Ferroptosis is a new form of regulated cell death featuring iron‐dependent lipid peroxides accumulation to kill tumor cells. A growing body of evidence has shown the potential of ferroptosis‐based cancer therapy in eradicating refractory malignancies that are resistant to apoptosis‐based conventional therapies. In recent years, studies have reported a number of ferroptosis inducers that can increase the vulnerability of tumor cells to ferroptosis by regulating ferroptosis‐related signaling pathways. Encouraged by the rapid development of ferroptosis‐driven cancer therapies, interdisciplinary fields that combine ferroptosis, pharmaceutical chemistry, and nanotechnology are focused. First, the prerequisites and metabolic pathways for ferroptosis are briefly introduced.
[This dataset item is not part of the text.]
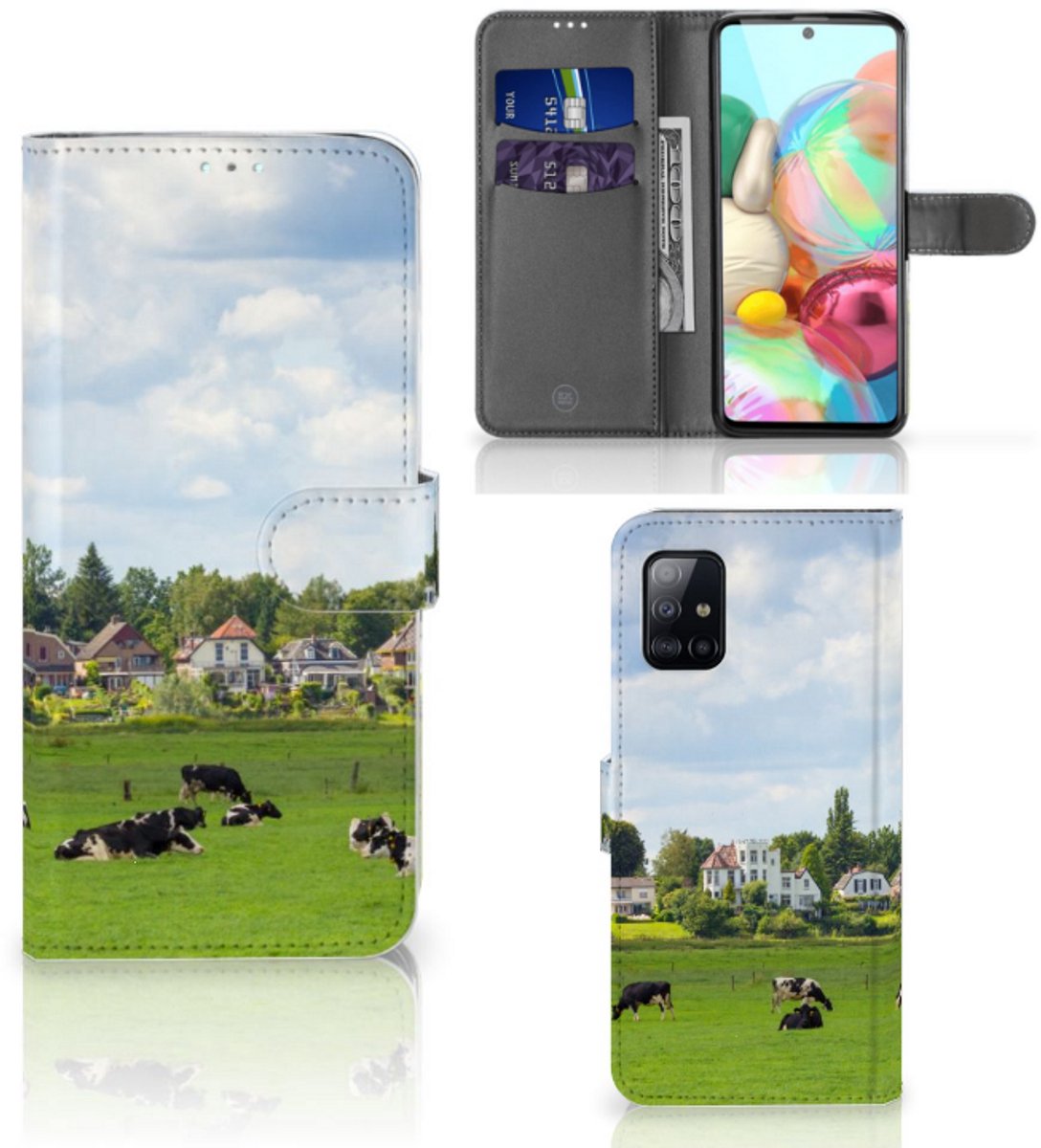 Samsung Galaxy A71 Telefoonhoesje met Pasjes Koeien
Then, in detail emerging ferroptosis inducers designed to boost ferroptosis‐induced tumor therapy, including metal complexes, metal‐based nanoparticles, and metal‐free nanoparticles are summarized. Subsequently, the application of synergistic strategies that combine ferroptosis with apoptosis and other regulated cell death for cancer therapy, with emphasis on the use of both cuproptosis and ferroptosis to induce redox dysregulation in tumor and intracellular bimetallic copper/iron metabolism disorders during tumor treatment is discussed. Finally, challenges associated with clinical translation and potential future directions for potentiating cancer ferroptosis therapies are highlighted. This review summarizes the molecular mechanisms of ferroptosis regulation, systematically outlines various metal complexes and nanoparticles for tumor ferroptosis, and offers insights into precise cancer therapy. Additionally, it discusses the synergistic therapeutic strategies combining ferroptosis with other cell death mechanisms, with emphasis on the potential and prospects of cuproptosis and ferroptosis for tumor treatment.